[Crawled caption data]
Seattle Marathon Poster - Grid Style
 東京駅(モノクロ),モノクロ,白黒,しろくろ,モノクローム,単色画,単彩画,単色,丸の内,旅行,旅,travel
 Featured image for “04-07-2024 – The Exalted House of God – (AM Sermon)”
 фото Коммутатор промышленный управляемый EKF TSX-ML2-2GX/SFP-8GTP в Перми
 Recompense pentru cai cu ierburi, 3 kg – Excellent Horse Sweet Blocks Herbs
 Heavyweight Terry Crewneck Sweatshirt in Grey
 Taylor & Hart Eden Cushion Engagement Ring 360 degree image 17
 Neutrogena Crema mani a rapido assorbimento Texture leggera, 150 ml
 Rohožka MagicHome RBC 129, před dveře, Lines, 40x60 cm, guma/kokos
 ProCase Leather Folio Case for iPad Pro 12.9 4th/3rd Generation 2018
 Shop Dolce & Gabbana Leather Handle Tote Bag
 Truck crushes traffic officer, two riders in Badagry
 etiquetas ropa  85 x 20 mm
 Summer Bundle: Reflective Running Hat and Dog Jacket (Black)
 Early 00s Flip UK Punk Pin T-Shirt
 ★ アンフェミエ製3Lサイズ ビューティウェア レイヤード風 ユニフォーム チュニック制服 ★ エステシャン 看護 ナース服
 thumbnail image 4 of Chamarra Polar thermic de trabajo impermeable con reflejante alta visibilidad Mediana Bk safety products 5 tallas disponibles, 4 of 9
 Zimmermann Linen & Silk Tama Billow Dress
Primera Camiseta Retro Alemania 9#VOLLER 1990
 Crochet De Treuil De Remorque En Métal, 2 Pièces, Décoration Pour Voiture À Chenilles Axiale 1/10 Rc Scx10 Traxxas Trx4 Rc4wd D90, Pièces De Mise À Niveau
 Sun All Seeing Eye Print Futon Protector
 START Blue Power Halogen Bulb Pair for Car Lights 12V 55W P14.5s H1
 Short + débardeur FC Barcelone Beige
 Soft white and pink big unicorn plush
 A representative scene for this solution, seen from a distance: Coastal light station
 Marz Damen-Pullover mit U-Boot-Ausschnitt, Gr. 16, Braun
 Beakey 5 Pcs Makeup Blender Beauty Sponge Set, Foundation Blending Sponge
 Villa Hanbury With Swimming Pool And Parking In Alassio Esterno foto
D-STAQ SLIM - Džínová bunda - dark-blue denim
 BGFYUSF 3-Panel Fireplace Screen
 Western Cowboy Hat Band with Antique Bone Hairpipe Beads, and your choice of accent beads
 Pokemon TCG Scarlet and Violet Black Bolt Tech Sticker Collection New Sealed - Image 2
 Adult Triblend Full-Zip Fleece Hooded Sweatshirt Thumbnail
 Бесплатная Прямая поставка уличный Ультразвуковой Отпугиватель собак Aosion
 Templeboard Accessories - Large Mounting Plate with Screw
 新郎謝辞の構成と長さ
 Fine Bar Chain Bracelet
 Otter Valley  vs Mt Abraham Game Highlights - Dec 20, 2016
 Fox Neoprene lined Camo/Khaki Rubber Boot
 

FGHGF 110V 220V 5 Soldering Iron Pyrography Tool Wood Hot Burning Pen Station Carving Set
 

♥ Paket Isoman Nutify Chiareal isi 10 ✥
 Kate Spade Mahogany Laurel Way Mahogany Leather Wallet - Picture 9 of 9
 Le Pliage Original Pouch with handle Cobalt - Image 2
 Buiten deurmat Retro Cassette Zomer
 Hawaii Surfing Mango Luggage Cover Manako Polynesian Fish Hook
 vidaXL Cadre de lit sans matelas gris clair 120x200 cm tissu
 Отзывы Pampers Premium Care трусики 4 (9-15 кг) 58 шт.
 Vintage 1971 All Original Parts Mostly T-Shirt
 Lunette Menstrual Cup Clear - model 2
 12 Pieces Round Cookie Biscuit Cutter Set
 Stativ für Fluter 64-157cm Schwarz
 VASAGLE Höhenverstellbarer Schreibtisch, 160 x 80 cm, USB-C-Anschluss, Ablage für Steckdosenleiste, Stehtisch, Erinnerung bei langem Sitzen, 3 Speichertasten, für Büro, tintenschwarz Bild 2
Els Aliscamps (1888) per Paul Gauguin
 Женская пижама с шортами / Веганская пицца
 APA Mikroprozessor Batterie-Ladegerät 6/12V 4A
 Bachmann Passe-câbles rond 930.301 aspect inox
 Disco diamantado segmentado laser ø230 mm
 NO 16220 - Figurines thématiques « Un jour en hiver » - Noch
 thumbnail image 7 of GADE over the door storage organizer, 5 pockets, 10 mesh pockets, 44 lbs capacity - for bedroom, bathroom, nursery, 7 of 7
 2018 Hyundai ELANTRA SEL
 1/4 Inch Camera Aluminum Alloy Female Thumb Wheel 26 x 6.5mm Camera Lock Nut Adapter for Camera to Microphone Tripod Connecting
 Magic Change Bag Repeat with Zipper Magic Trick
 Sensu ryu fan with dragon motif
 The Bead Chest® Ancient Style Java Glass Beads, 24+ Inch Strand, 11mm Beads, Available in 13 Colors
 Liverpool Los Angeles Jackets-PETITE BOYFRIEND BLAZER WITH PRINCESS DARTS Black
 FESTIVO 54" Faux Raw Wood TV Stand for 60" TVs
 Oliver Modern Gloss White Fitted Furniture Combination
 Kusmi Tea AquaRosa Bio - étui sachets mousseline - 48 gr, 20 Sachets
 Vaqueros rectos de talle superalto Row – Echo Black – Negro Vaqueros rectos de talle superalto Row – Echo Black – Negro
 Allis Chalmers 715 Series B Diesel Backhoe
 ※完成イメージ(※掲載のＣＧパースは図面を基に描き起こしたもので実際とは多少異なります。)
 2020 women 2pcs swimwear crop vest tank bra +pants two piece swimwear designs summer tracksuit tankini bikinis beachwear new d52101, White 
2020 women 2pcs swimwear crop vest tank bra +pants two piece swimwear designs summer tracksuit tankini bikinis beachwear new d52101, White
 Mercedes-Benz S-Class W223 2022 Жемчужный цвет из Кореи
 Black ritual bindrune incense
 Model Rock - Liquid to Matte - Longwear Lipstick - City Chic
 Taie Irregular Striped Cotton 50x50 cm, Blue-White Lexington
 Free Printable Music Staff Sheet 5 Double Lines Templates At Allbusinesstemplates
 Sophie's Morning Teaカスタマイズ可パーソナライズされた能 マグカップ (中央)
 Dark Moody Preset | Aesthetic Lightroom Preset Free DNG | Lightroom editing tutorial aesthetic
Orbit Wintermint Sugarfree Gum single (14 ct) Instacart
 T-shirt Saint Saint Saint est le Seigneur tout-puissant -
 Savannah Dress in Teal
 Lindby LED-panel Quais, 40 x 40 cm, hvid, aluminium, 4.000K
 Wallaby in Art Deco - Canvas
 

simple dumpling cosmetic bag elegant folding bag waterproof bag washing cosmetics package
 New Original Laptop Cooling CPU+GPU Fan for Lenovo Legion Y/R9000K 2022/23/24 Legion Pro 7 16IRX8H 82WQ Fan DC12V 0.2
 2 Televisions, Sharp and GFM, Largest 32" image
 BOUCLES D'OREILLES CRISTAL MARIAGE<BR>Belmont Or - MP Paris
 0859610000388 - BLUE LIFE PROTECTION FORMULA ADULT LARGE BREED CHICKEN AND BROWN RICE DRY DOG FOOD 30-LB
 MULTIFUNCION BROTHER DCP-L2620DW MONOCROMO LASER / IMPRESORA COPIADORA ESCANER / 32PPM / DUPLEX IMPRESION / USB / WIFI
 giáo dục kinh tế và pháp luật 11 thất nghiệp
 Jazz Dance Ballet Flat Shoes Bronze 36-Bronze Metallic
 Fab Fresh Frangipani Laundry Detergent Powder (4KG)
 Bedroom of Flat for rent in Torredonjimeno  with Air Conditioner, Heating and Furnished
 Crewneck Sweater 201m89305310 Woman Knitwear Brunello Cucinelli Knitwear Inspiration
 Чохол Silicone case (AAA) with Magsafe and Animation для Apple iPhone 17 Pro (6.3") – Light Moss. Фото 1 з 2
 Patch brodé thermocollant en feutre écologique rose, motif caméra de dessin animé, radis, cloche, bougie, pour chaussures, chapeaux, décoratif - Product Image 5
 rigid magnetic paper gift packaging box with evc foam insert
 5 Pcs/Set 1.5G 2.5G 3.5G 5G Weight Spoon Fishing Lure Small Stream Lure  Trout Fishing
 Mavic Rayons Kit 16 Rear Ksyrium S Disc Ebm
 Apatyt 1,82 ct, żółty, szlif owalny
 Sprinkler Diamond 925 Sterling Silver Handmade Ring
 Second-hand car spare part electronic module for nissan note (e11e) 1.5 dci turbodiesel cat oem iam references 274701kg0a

### What this task involves:
From the data above, return every line from the line that has "New Original Laptop" up to and including the line that has "0859610000388 - BLUE", exactly.

### Output:
 New Original Laptop Cooling CPU+GPU Fan for Lenovo Legion Y/R9000K 2022/23/24 Legion Pro 7 16IRX8H 82WQ Fan DC12V 0.2
 2 Televisions, Sharp and GFM, Largest 32" image
 BOUCLES D'OREILLES CRISTAL MARIAGE<BR>Belmont Or - MP Paris
 0859610000388 - BLUE LIFE PROTECTION FORMULA ADULT LARGE BREED CHICKEN AND BROWN RICE DRY DOG FOOD 30-LB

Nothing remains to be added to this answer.